BaBar Spokesman Michael Roney, a particle physics professor from the University of Victoria, says that the hundreds of scientists who have belonged to the international collaboration have published more than 500 scientific papers in the past two decades, discussing everything from newly discovered types of mesons (a particle made of a quark and an antiquark) to coming to grips with Big Data before it even had a name.
The one thing they haven’t done is combine their data with data from their competition, Belle, a Japanese experiment that ran at the same time and also provided valuable data about charge-parity violation.
The term competition is a little strong, says Roney: Having two different experiments pursue the same goal is a vital part of the scientific process. “Originally, it was important for Belle and BaBar to maintain their independence from each other so each experiment could serve as a check on the other,” he says. “But there are certain issues where neither experiment has enough data to make a definitive statement.”
To solve that problem, Markus Röhrken, a post-graduate researcher at the California Institute of Technology and a relatively new BaBarian, will bring the Belle and BaBar datasets together for the first time. He’s on a hunt for aspects of charge-parity violation that could yield totally new physics beyond the Standard Model.
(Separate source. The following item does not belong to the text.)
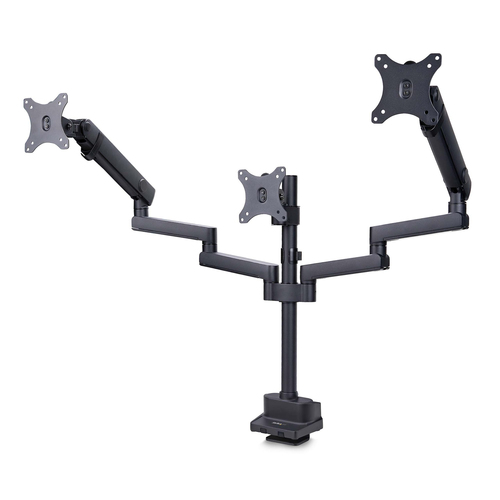 StarTech&period;com 3MP2AG-MONITOR-ARM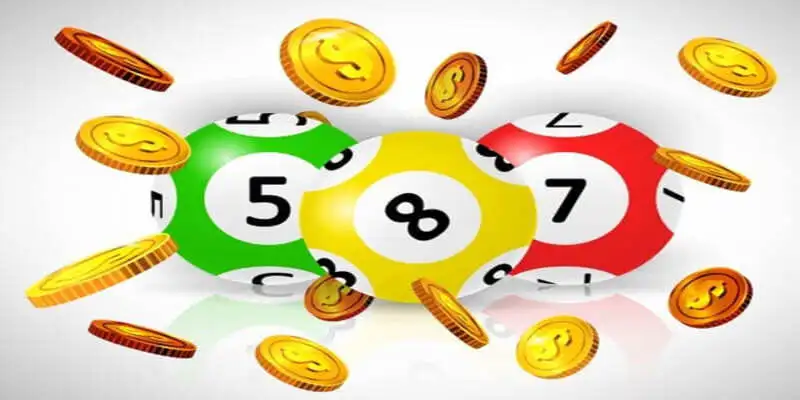 Trải Nghiệm Ấn Tượng Trong Mỗi Ván Chọn Số Chơi Xổ Số KUBET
Combining the data is more complicated than it sounds. “The physics behind BaBar and Belle is exactly the same,” Röhrken says, “but the detectors, the software, the experiments themselves are very different.” Röhrken must become expert in both experiments; while he was a graduate student at Karlsruhe Institute of Technology in Germany, his PhD work was done on Belle, so he’s already halfway there.
“It’s very unusual for two different collaborations to combine the data itself for analyses,” Roney says. “It’s much more common to combine published results.”
But Röhrken has his own motivations for pursuing this. Japan is planning a follow-up to Belle, Belle 2, but it isn’t scheduled to start taking data until 2016 at the earliest.
“I didn’t want to just wait for four or five years to work on these questions,” he says. “I want to look for new physics.”